With plenty of experience under his belt founding companies, running passion projects and working with startups, Charlie joined TPC in April 2023 as our Executive Team Coordinator. 

We sat down with him to find out more about how he found his way to The Portfolio Collective. 

To start off, we’d love to hear a little about your background and the journey that led you to The Portfolio Collective.

I guess I’ll go all the way back to my time at university. I studied International Business at Loughborough University, knowing that I wanted to learn everything I could about starting my own business. While there, I got heavily involved in Enactus, which is an international student organisation that focuses on social action and enterprise. It gave me exposure to the idea that business isn’t just about profit, it’s actually about having a purpose too.
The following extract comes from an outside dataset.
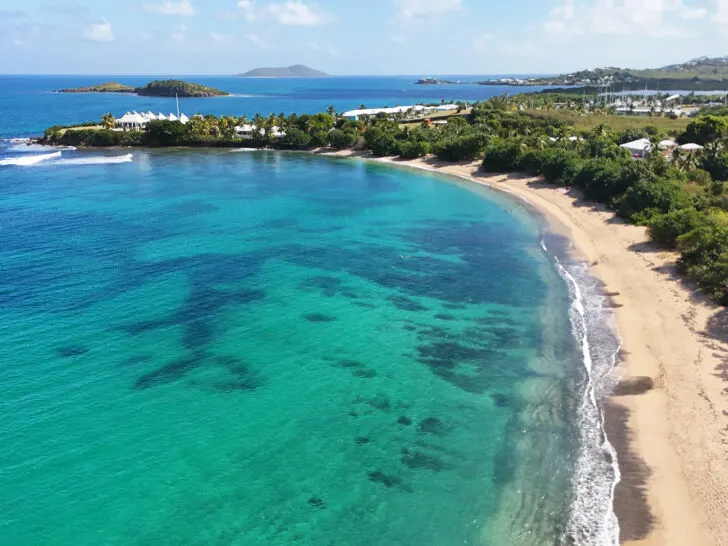 aerial view of bright blue water at shoys beach with crescent shaped beach and trees with hills in distance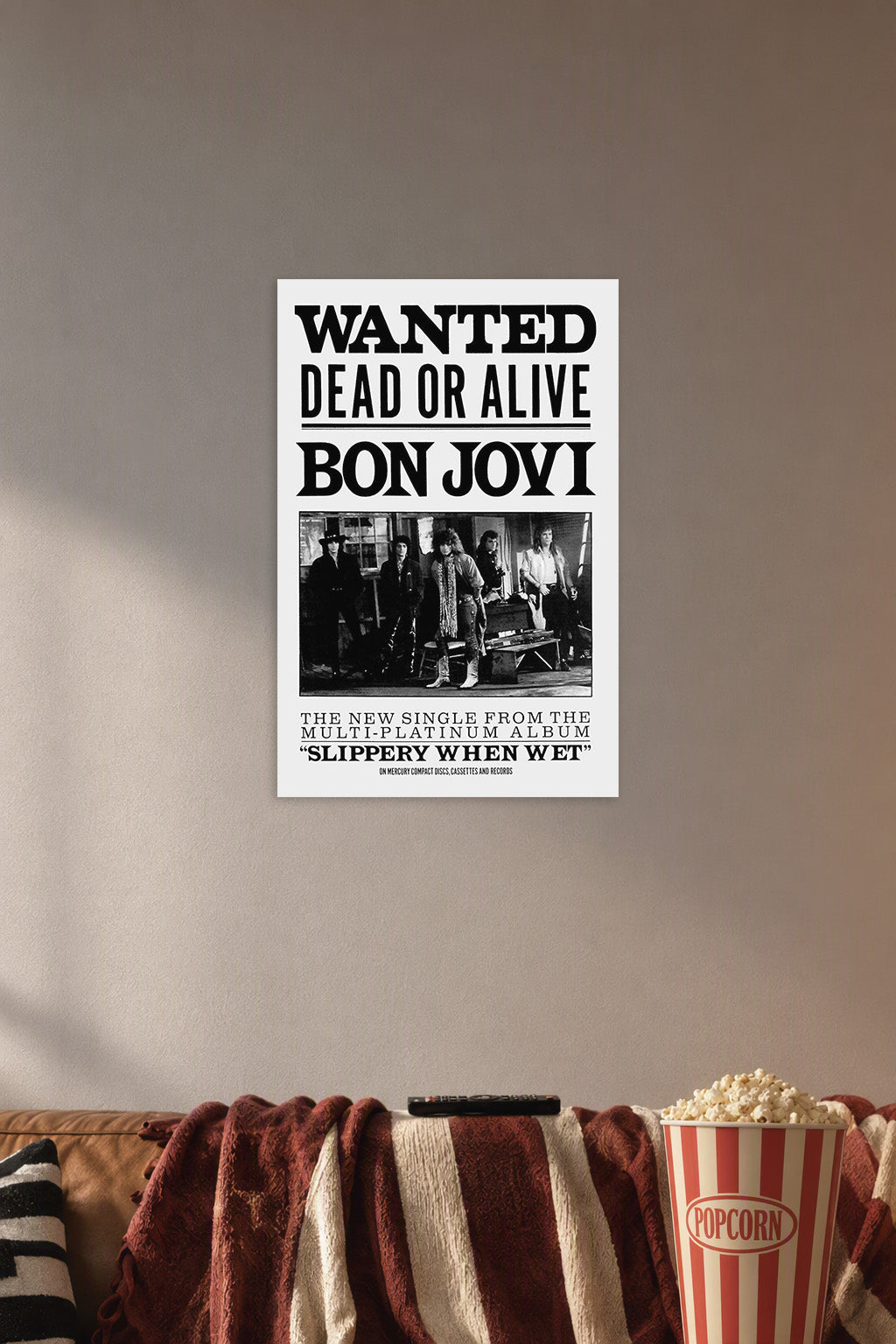 Bon Jovi Band in a cozy movie room above a brown sofa with popcorn.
In my second year of uni, lots of friends and course mates started applying for placements, as did I, but in the back of my head, I kept thinking, “I have this list of 100+ business ideas, why don’t I just do one of them instead?”. So that’s exactly what I ended up doing. During my Year in Enterprise, which is what they call it at Loughborough, I started working on a business idea called Postey, which was a parcel box that attached to houses removing the need for the ‘sorry we missed you’ slips. We actually prototyped it and had physical boxes on houses that could receive deliveries and everything, which was pretty cool.

Afonso Pereira © The Portfolio Collective 2023

I did lots of other things too – like summer school in China and a half year study in Denmark – and kept coming back to all these entrepreneurial projects. During Covid, I was living with my Enactus friends and decided to start my second business. Everyone around us was losing their summer internships or graduate jobs because of Covid, and we knew lots of founders who were challenged by Covid and had to adapt their businesses pretty quickly. There were students with lots of time on their hands and businesses with new problems that needed solving, so we decided to have a hackathon. We hosted our first one online in April 2020 with three businesses and nine students and it grew from there into House Hack, which ended up hosting almost 30 hackathons and had a community focused on project-based learning before turning into an application process for startups. It’s like a case study, but the case study was real and the impact was real – it was a great experience. 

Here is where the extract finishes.